DOI: 10.1161/circ.148.suppl_1.16570 ISSN: 0009-7322

Abstract 16570: Benchmarking Risk-Adjusted Outcomes in Congenital Heart Surgery

Ram Kumar Subramanyan, Dylan Thibault, Sean OBrien, J W Gaynor, David M Shahian, Emile Bacha, Vinay Badhwar, Chris Caldarone, Joseph A Dearani, Felix Fernandez, Jeffrey P Jacobs, David M Overman, Sara K Pasquali, Tabitha Rainey, Jennifer Romano, Subhadra Shashidharan, James Tweddell, John E Mayer
  • Physiology (medical)
  • Cardiology and Cardiovascular Medicine

Background: Robust models exist to predict risk-adjusted mortality following congenital heart surgery. It is known that underlying diagnosis modifies predicted risk of operations, and institution-level outcomes vary based on their unique case mix. We therefore evaluated risk-adjusted outcomes for a subset of diagnosis-procedure (D-P) combinations within the Society of Thoracic Surgeons' (STS) congenital heart surgery database (CHSD).

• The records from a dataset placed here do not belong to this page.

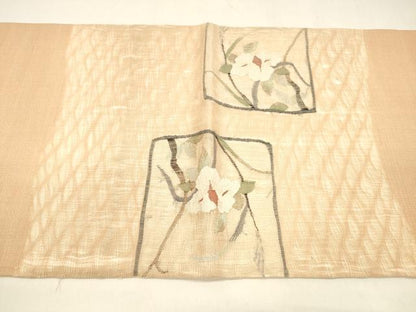 平和屋着物▽スリーシーズン 春夏秋 太鼓柄袋帯 すくい織 枝花文 銀糸 正絹 逸品 DAAZ4219cm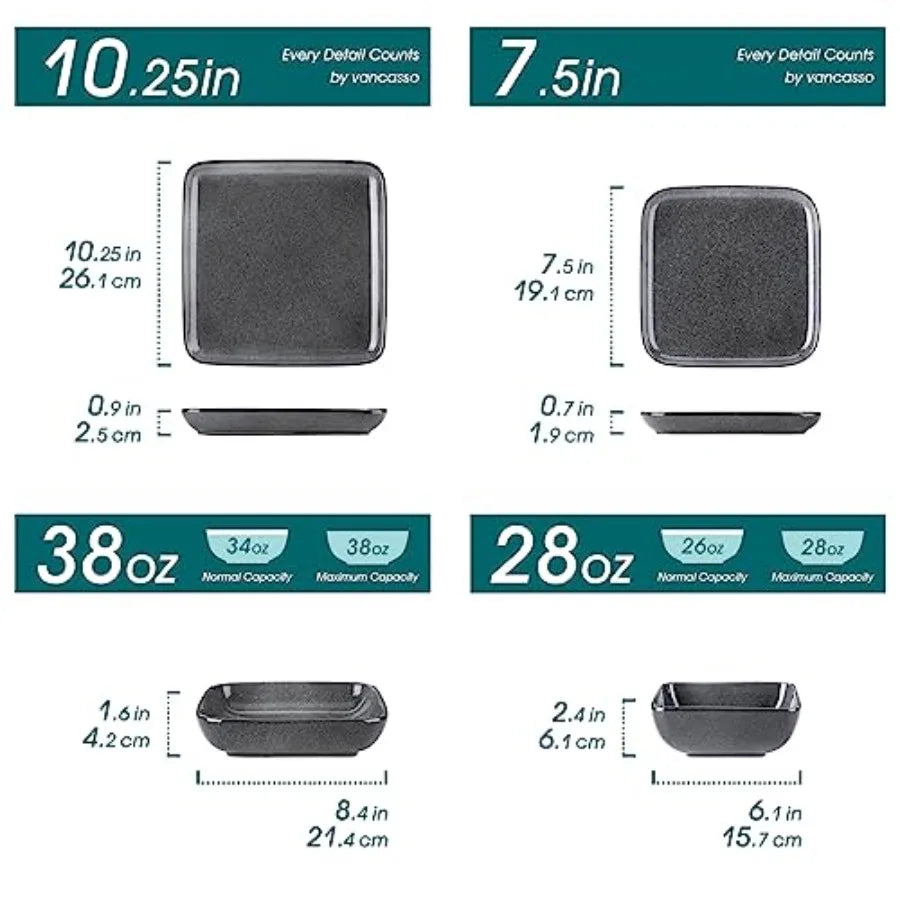 Stern Gray Dinnerware Set Square Reactive Glaze Tableware 16 Pieces Kitchen Dinnerware Stoneware Crockery Set with Dinner Plate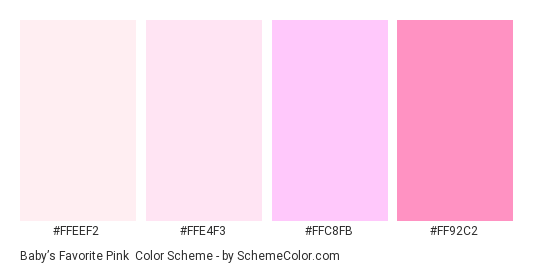 Baby’s Favorite Pink - Color scheme palette thumbnail - #ffeef2 #ffe4f3 #ffc8fb #ff92c2 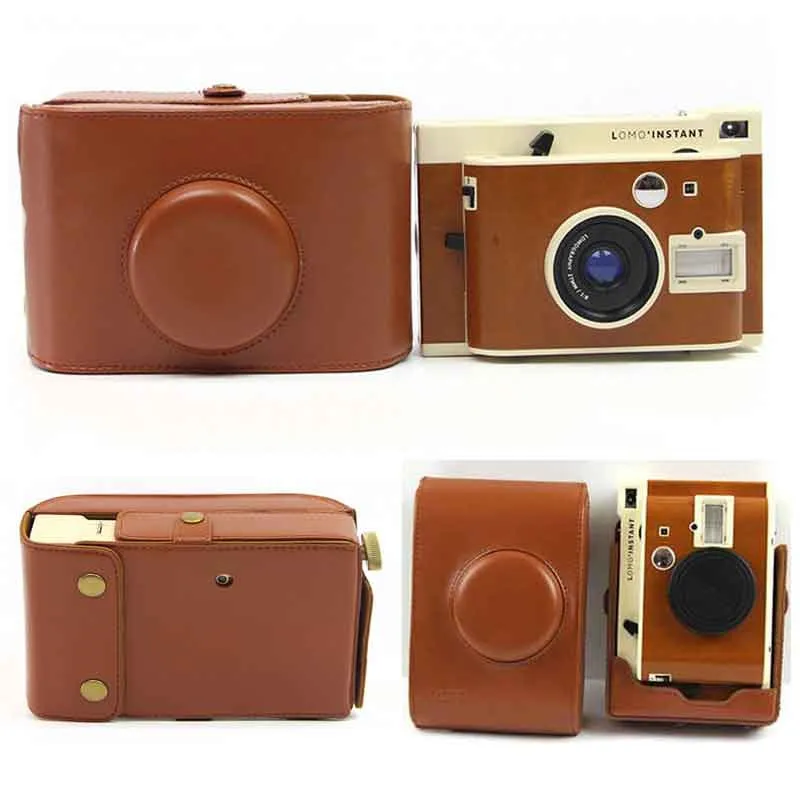 Чехол для камеры в стиле ретро из искусственной кожи коричневого цвета Lomo INSTANT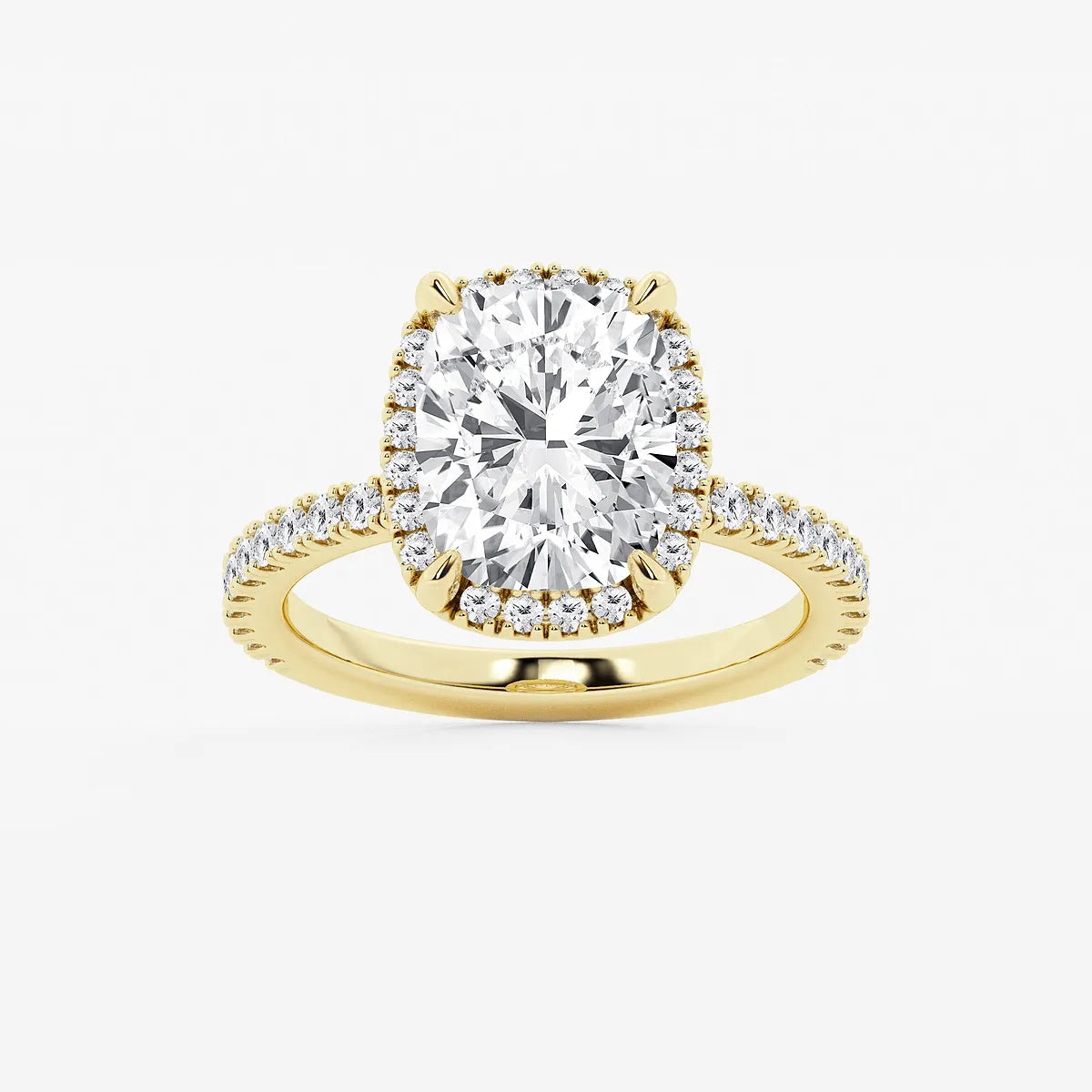 Refined Radiance Elongated Cushion Moissanite Halo Engagement Ring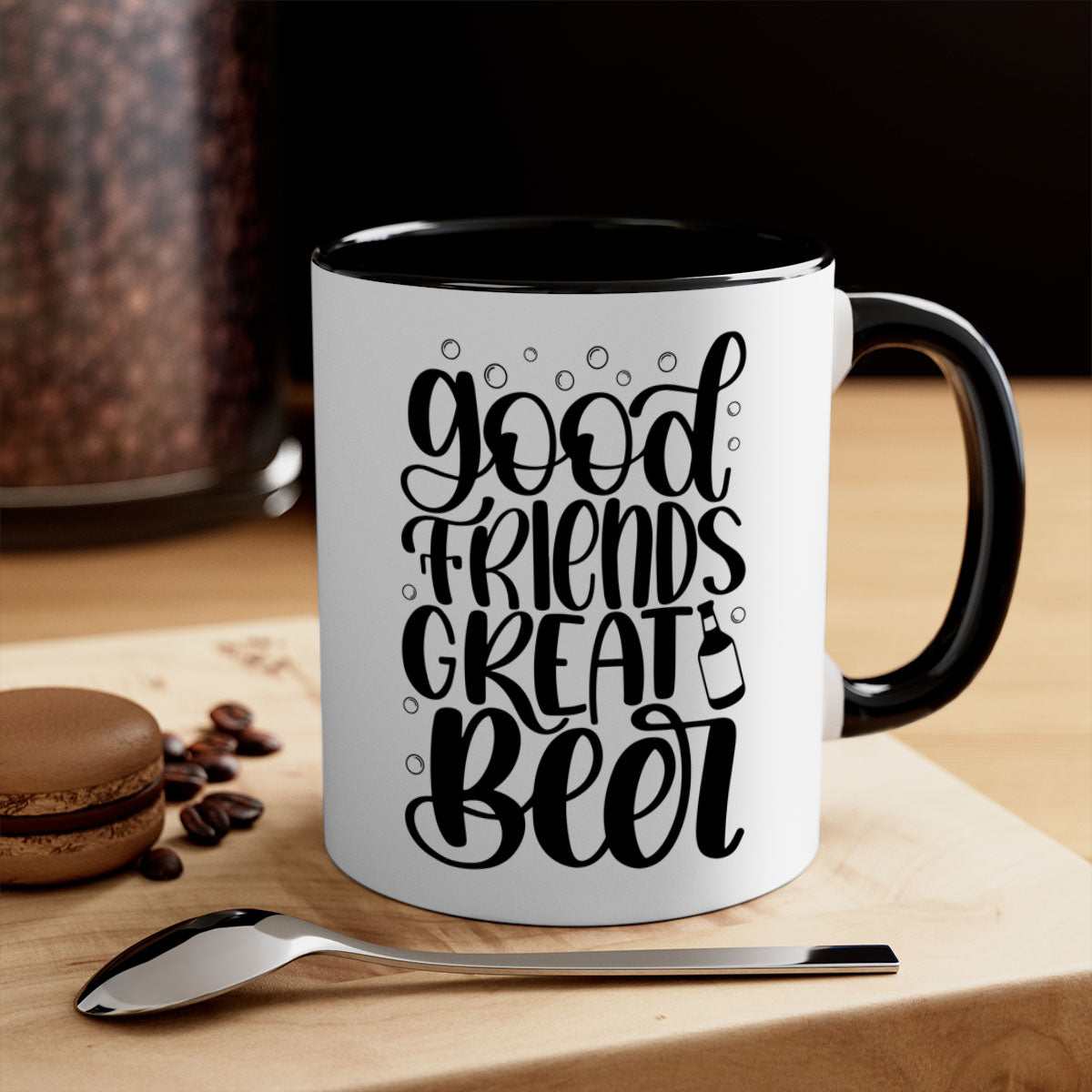 Good Friends Great Beer Mug with colorful handle and glossy finish, available in two sizes.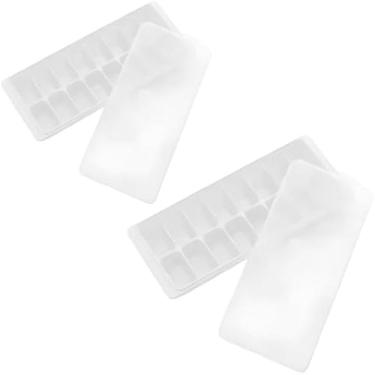 Imagem de Forma de gelo de plastico branco, 16 cubos, congelamento facil, perfeita, util, barata, grande, facil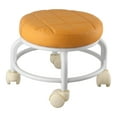 thumbnail image 3 of Ottoman Roulant, Tabouret à Roulettes en Mousse Mémoire Résistant aux Taches pour Intérieur Orange, Beige, Couleur Café, 3 of 8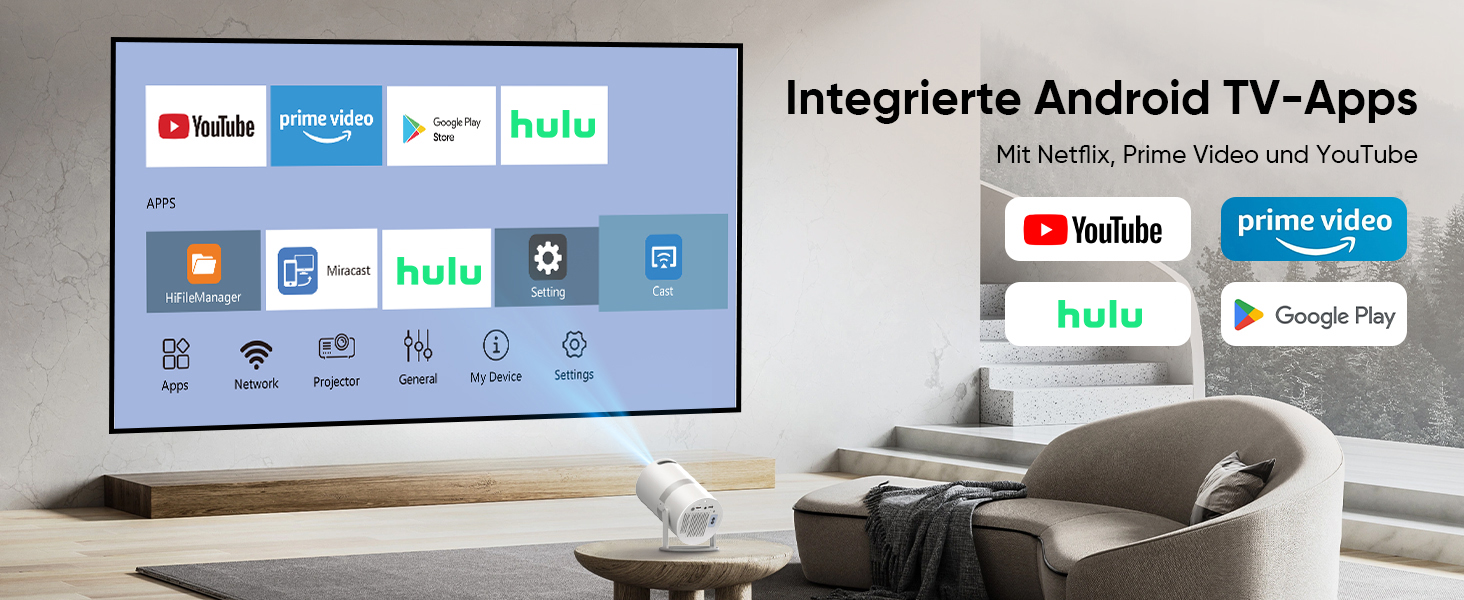 Міні проектор Beamer з автотрапецеїдною корекцією, Android OS, поворот 210°, WiFi 6, Bluetooth, 50% Zoom, Full HD 1080P для дому та на вулицю (сумісний з: смартфоном, Fire TV Stick, ноутбуком, HDMI, USB)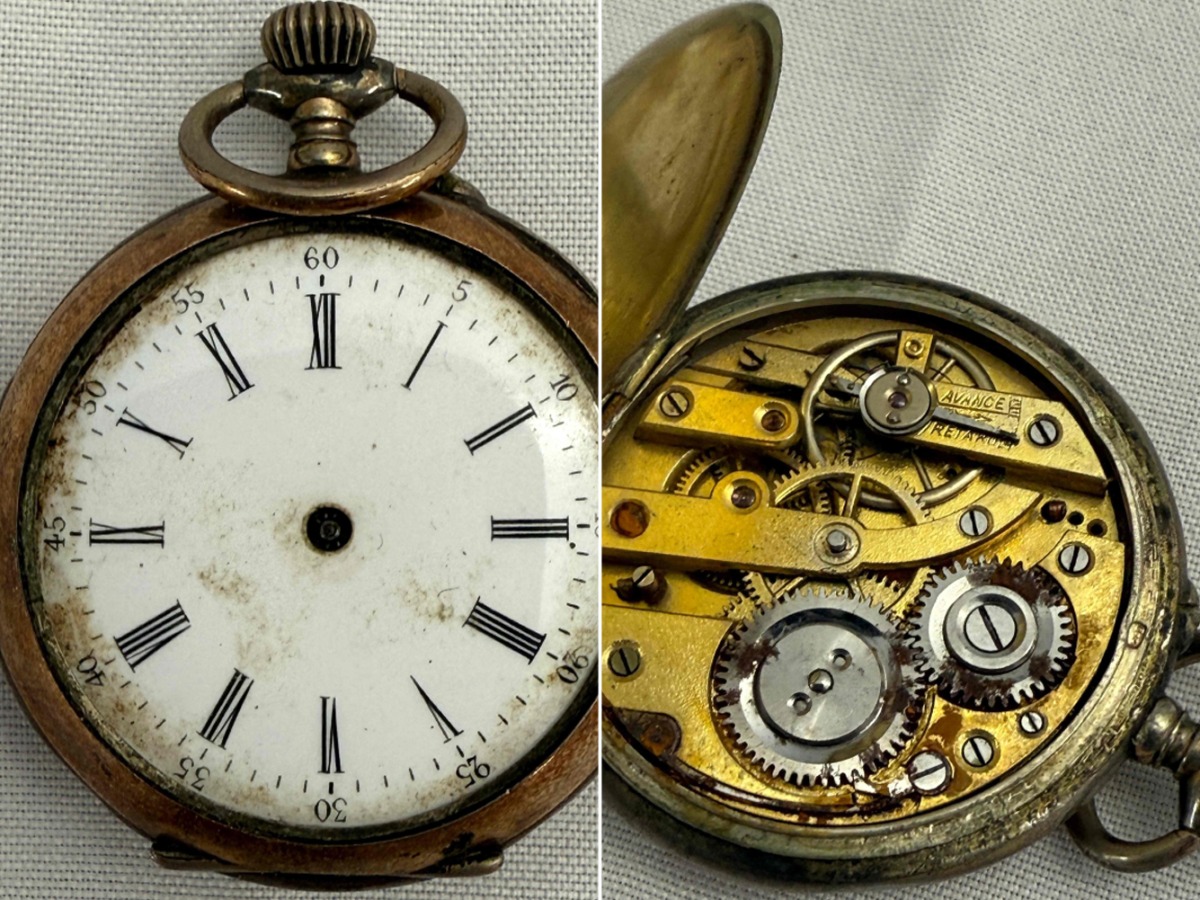 An undated handout photo released on April 15, 2025 by Henry Aldridge and Son Ltd auction house shows the gilt silver and brass watch of Danish second-class passenger Hans Christensen Givard. (Photo by Henry Aldridge and Son Ltd / AFP) 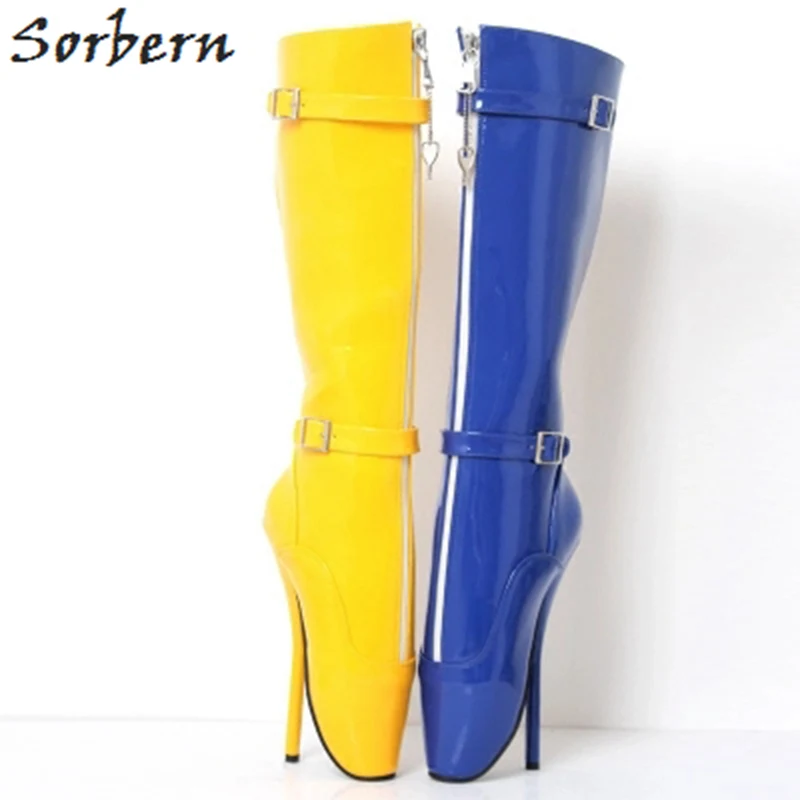 Sorbern High Heels 18CM Women Boots Plus Size Patent Leather Ballet Ladies Party Boots Unisex Dance Shoes Hot Sale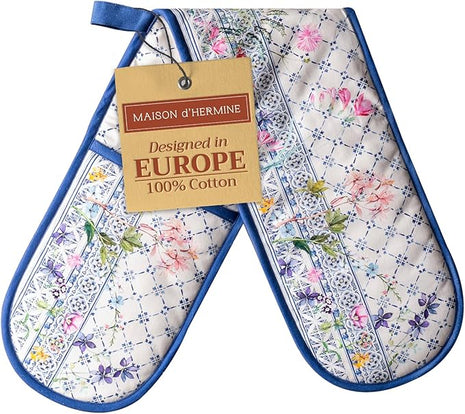 Maison d' Hermine Double Oven Mitts 100% Cotton 7"x35" Double Oven Mitt Heat Resistant BBQ Cooking Gloves with Loop, Baking, Grilling, Home, Kitchen, Handling Hot Pans Spring Summer (Faience)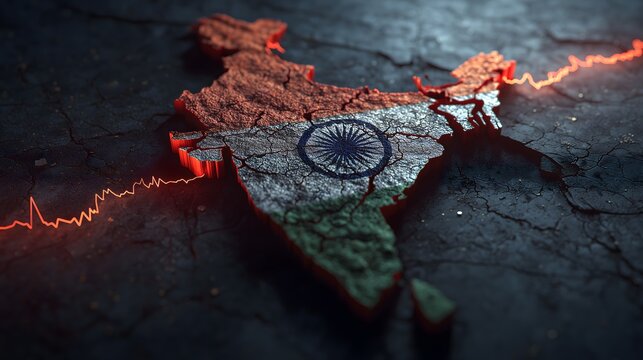 India Map with Glowing Fault Lines and Seismic Activity Concept, Earthquake Risk Visualization, Geopolitical Tension, Disaster Impact and Crisis Scenario Illustration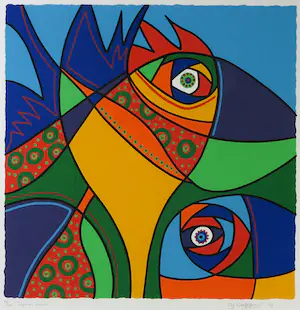 Marianne Naerebout - Zeefdruk, Tropical Birds - Ingelijst kopen? Bied vanaf 50!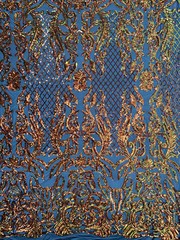 Phoebe Iridescent ORANGE GOLD Sequins on BLACK Mesh Lace Fabric by the Yard – 1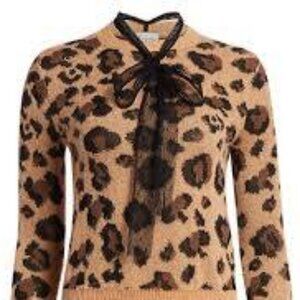 RED Valentino Polka Dot Tie Neck Leopard Print Sweater M/L camel NWOT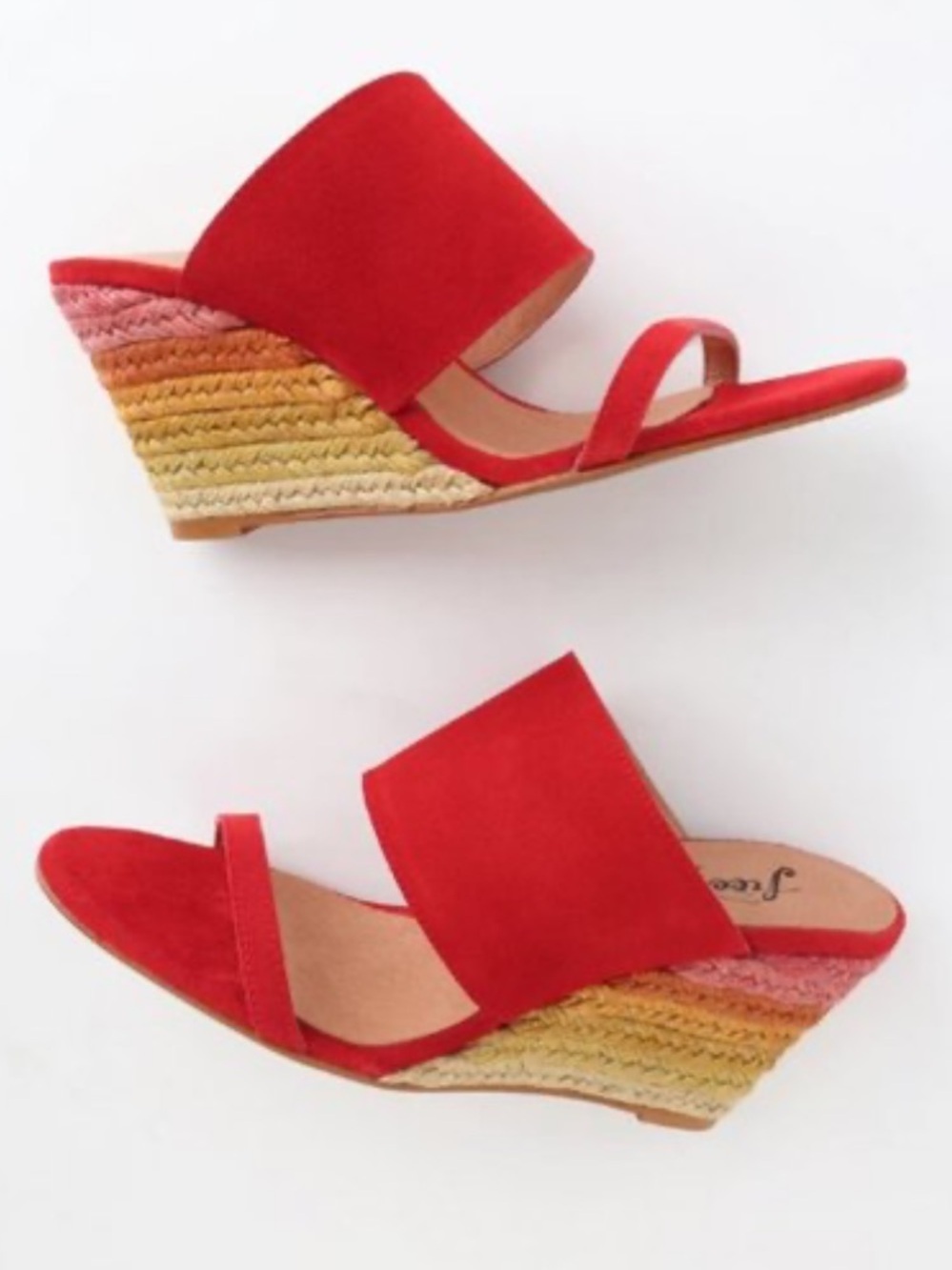Free People Glorieta Red Suede Espadrille Wedge Mules Women’s EU 40 US 9 Made Sp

Methods: A clinician panel identified the most frequently encountered D-P combinations in CHSD between 07/2017 and 06/2021. Candidate modeling techniques were compared in a random 80% development cohort. Model performance was assessed using internal and cross-validation calibration, discrimination plots and optimism adjusted C-statistics. The final selected model was evaluated in the 20% validation sample.

Results: The chosen subset of D-P combinations represented 45,384 of 87,589 (52%) unique episodes of surgical care in CHSD during this time-period. The development cohort (36,350 episodes) had 1.8% mortality (667 deaths). All candidate models had excellent discrimination with C-statistics ranging from 0.862 to 0.876. The model with the best combination of discrimination, calibration, and clinical face validity was a modified version of the current STS mortality risk model. This version included all current risk model variables with the addition of indicator variables for D-P combinations. In the 20% validation sample (9,034 episodes), this model was well calibrated (Figure) and had excellent discrimination (C = 0.879).

Conclusion: We describe a cohort of D-P combinations widely encountered in the STS CHSD. Further, we refined the existing STS CHSD risk model for application to these D-P dyads to derive empirical risk-adjusted benchmark outcomes. This approach will benefit quality improvement efforts at an institutional level and may have implications for publicly reporting congenital heart surgery outcomes.